Lars Nørgård is thus both controlled and expressive. His approach to of the canvas, which is splendidly documented in Joachim Rosenstand’s little film, is full of movement. Restless, sudden movements attacking the canvas from many different angles provide immediate and purely physical proof of an expressive process. And yet the whole of the meticulously constructed gallery of figures from Lars Nørgård’s figurative pictures is present somewhere or other beneath every brush stroke. Perhaps because the drawings ultimately contain the key to his work.

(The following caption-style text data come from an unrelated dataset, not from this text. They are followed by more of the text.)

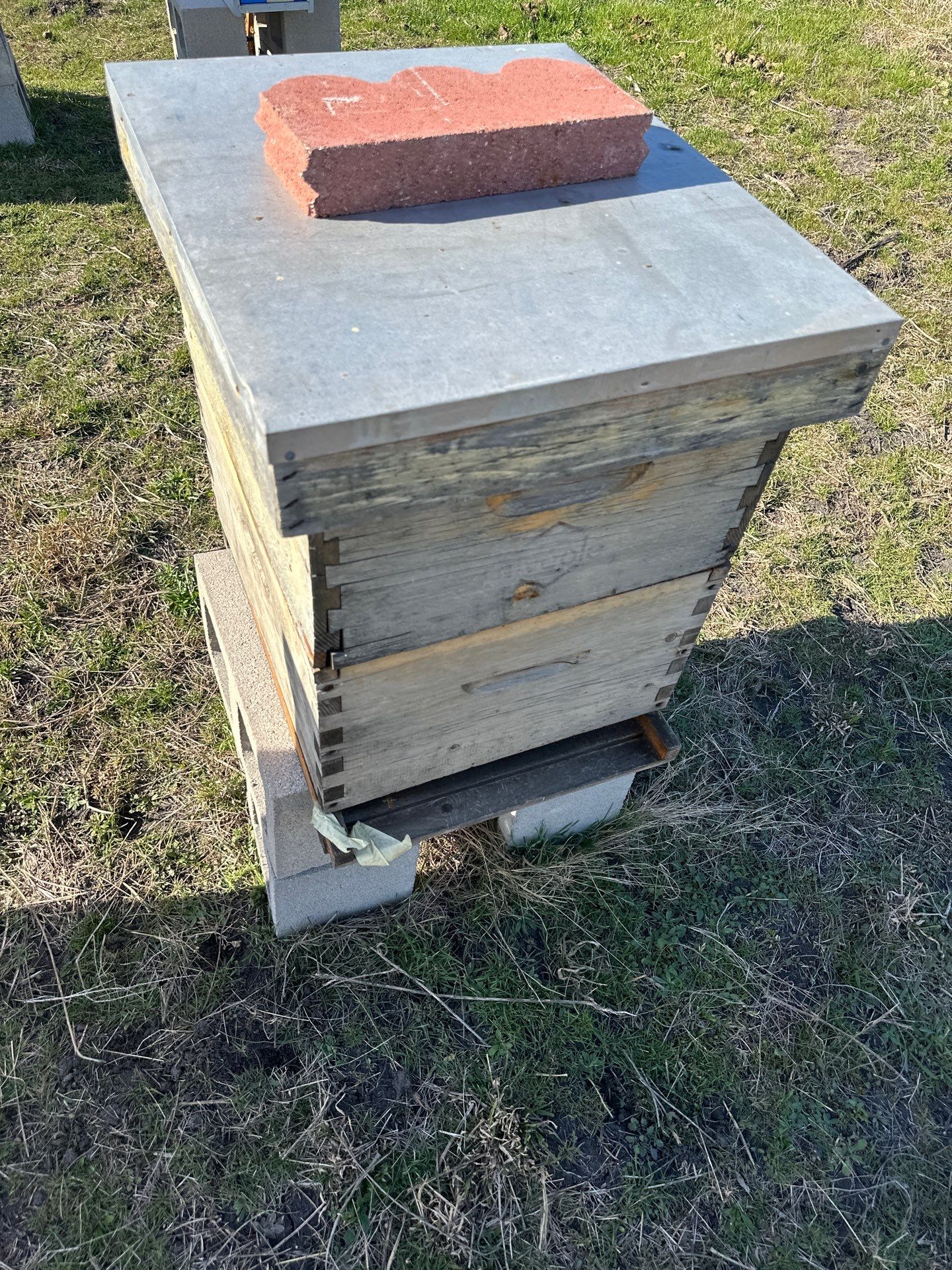 Bees for Ag. Exemption in Rockwall by Rockwall Honey Bee Company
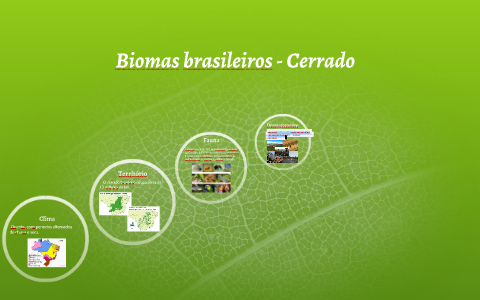 Biomas brasileiros - Cerrado by Carolina Pires on Prezi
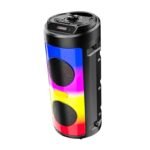 TS-4402 Wireless Party Speaker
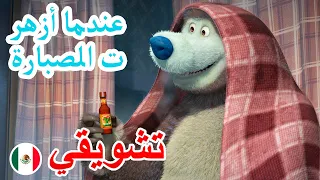 9 فبراير القادم ماشا والدب عندما أزهرت الصبارة مقتطفات 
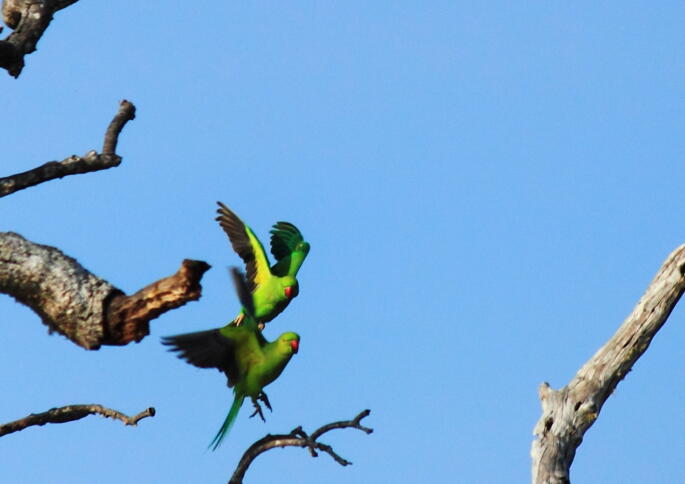 2 grüne Papageien mit rotem Schnabel in der Luft
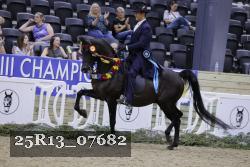 25R13_07682 thumbnail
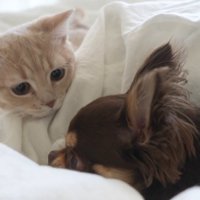 「一緒に遊ぼうよ～♪」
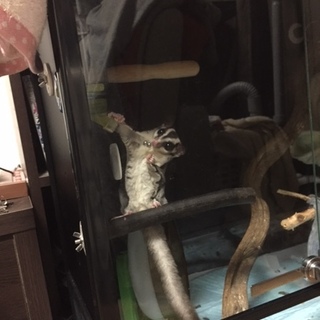 里親になって頂ける方を探しています。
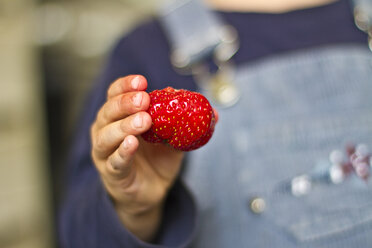 Girl holding strawberry in her hand, close up - JFEF000003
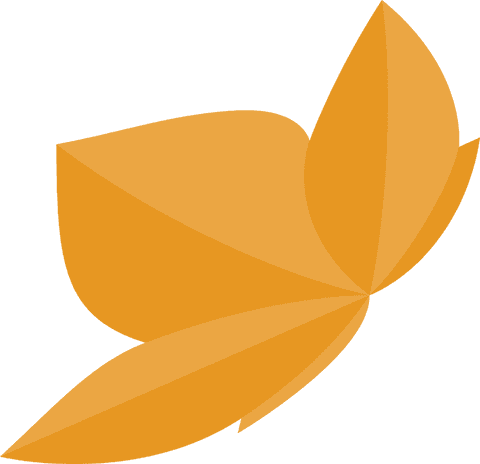 Transparent Orange Petal Pinwheel Floral Abstract Design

Lars Nørgård has always drawn. He draws at all times of the day and night. He keeps his pad on the bedside table and takes it with him everywhere. Everything starts with a drawing. And Lars Nørgård’s drawings are not rough sketches. On the contrary, they are precise and meticulous portrayals of absurd situations which on the one hand we recognise, but which we have never seen before. Entertaining indeed, but at the same time heartrendingly serious in their silent isolation. As in the case of the surrealists, the drawing emerges as a spontaneous image when the pen is put to paper. And the image that emerges seems to have arisen as the most natural product of the mind’s countless nooks and crannies.

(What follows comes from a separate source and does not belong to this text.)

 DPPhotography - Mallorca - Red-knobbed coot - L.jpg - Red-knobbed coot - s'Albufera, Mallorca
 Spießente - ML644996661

Is Lars Nørgård an overwintered surrealist? Not exclusively. His colours could have come from pop art and his imagery from American expressionism. But most of all, the expression is completely Lars Nørgård’s own. KUNSTEN possesses a considerable collection of Lars Nørgård’s works. We believe that in all its singularity his work constitutes an essential contribution to the history of Danish art. So the exhibition LUXURY VISIONS starts out from Lars Nørgård’s latest paintings, in which a fusion between the figurative and the abstract forms of expression has taken place. From this, we look back on an oeuvre that is quite unique. Constantly on the point of making a direct approach to people only to create distance from the public by holding up absurdity as something to catch the eye. As such, his work proceeds both alone and ahead of the rest.

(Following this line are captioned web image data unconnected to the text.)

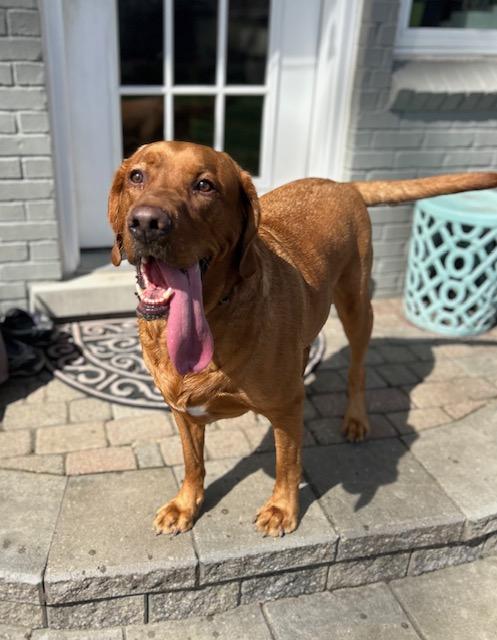 Enlarge Beau, an adopted Labrador Retriever in Huntington Woods, MI image 4/5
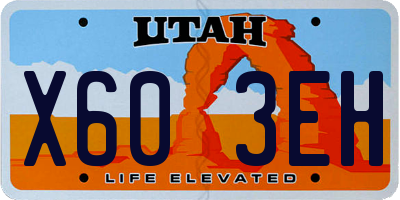 UT license plate X603EH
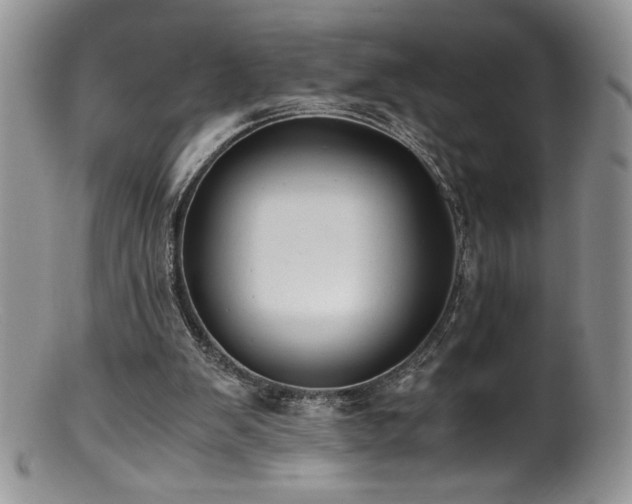 X0000100850103200806201223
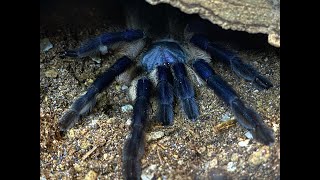 Monocentropus balfouri  collecting the babies after hatch [upl. by Ninazan]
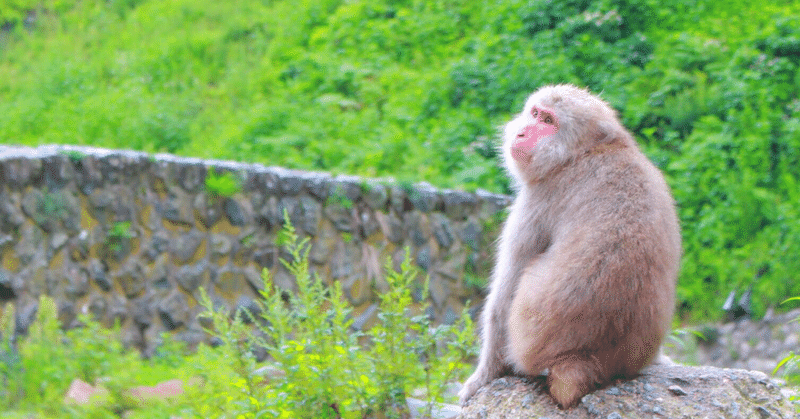 人間は考える葦である の新着タグ記事一覧 note つくる つながる とどける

We would like to express our gratitude to the many people who have made this exhibition possible. Our thanks go to all those who have so generously loaned their works. To Peter Michael Hornung and Signe Marie Jacobsen for articles for the catalogue, to Claudi Thyrrestrup for photography and to Dan Eggers for graphic design. Our thanks to colleagues and helpers for keeping their spirits up. And sincere gratitude to the various foundations without whose support the exhibition would not have been possible: our thanks go to Spar Nord Fonden, Bikubefonden, Knud Højgaards Fond and Beckett-Fonden for their support. Finally we would like to say thank you to Lars Nørgård himself: for his tireless energy, his infectious dedication and his art, which delights and surprises us and takes us in new directions.